Perhaps one of the toughest, and at the same time, most rewarding lessons of this past year has been learning to separate the meaning of what I do professionally to myself, from the meaning that what I do seems to have to others. Working in a hip and busy studio in the heart of a tourist destination has many upsides. For starters, there’s the constant inflow of new students from all over the world curious about the teachings, the tradition, and all things Yoga in general, as well as the opportunity to teach a variety of sessions in open or private classes, workshops, or teacher trainings to a very varied audience. And yet, it is precisely this variety that was the hardest for me to get used to at the beginning. Because, in the end, try as you may, you can never reach everybody. You can never satisfy everybody. You can never live up to the expectations of people from such varied walks of life.
It took me several months to realize that, sometimes, students coming to practice at the studio are not yet ready for the teachings despite my best efforts or their own personal opinion, even when they like the stuff, and to also get used to the kind of more physical, social media hype that sometimes brings people to the mat. Some of my frustration with my own teaching at the beginning was at times derived from this and not necessarily the reflection of any type of personal shortcoming as a teacher, as I was often all too quick to diagnose. Once I learnt to accept this simple piece of wisdom –that we all learn what we need to learn when we’re ripe for the lesson, right?– teaching became a lot more fun and second nature.

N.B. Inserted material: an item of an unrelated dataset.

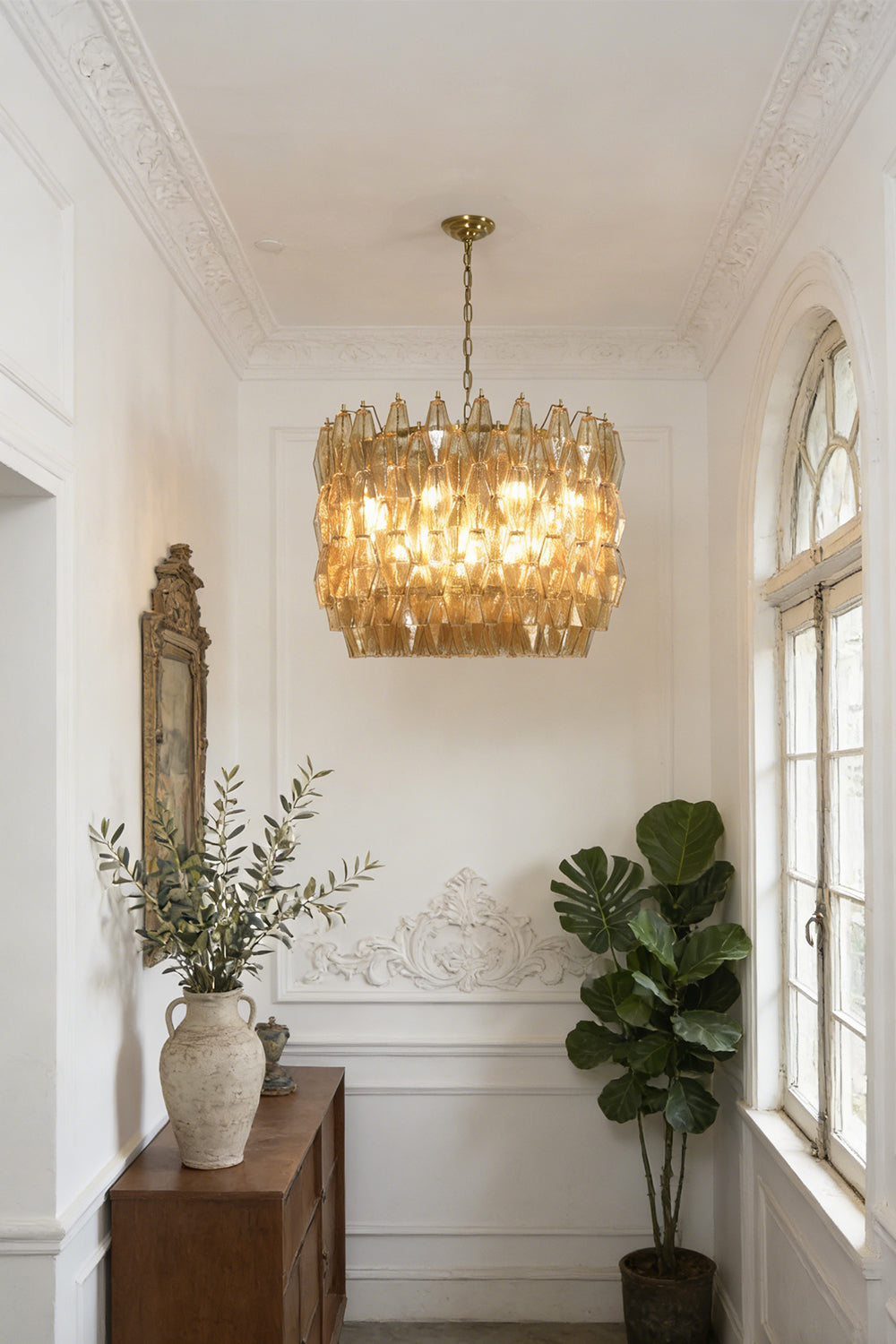 Luxurious amber glass drum chandelier | Metal, Glass | Hanging in a hallway with white wainscoting and plants | vexa lamps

The second highlight of this year on the island has been of an emotional nature. Somehow, the time here in Bali has helped me come to terms even more still with the nature of some of my most deeply set dreams, longings, and emotions and begin to fully understand their origin. I know this may seem very simple to others because, to many out there, emotional debriefing comes easy, but for me it has been a progressive unfolding and a clear highlight of this particular year. Blame it on my daily commitment to my practice, on the jaw-dropping sunsets, on welcoming Buddhi as a new member of the household with all the ups that having a dog brings into one’s life, or on any of the super real and mind-bending conversations that I’ve had with any of the incredible humans I’ve crossed paths with here, the question is that I find myself more and more comfortable and at home with that tender part of myself I always knew I possessed, yet wasn’t always able to get in touch with. So I'm really happy about this subtle change.
Aside of this, of course, I have to also reckon the pronounced learning curve I’ve undergone when it comes to all things Yoga over the past year. I’ve grown so much as a student. I can only hope that I’ve also grown as much as a teacher. My mind-world is now bigger, brighter, and better than the one I was living in a mere five years ago thanks to all the trainings and studying I've done. This has been partly so because of the support I’ve received from my boss and fellow teachers at the Practice, who have been super encouraging with regards to exploring new topics, organizing events and continuing my studies, as well as open to share all their knowledge and know-how with such a 'freshman' as me.
Finally –but just because I don’t want to bore you all to death with an over-the-top post!– I’d say that this year abroad, in a developing country, has also already taught me a great deal about my own privilege, and not just as a white male. Mostly, it has made me realize even more how lucky I’ve been to be born in the place and family I was born into considering nobody ever gets to choose where they land. We Yogis do have a somewhat different theory about exactly how this happens, but we leave this for another time!
The thing is that, though I haven’t always thought about it, I’ve been really fortunate to enjoy many of the social welfare measures that I’ve otherwise taken for granted for years. From public health insurance, to free higher education, unemployment security, paid leave, a small stipend for my family up until I was 18 just by virtue of being born into my country of origin, or a long list of little, but incredibly important things such as running (hot) water, optic fiber internet almost anywhere, rules that people follow and respect for things, or rain-proof ceilings for that matter. The list is long.
Life here in Indonesia never hesitates to provide me with plenty of opportunities to test my privilege (and my patience) and surprise me with its absolute craziness and spontaneity. To say that ‘anything goes’ is a real understatement sometimes! But there's beauty in it also, and I'm learning to just roll with it. So, all in all, this has been a very positive year of transformation and growth in qualitative, and not just quantitative ways. Though there’ve been a few setbacks and moments of doubt and hesitation in the midst, so far these never last too long.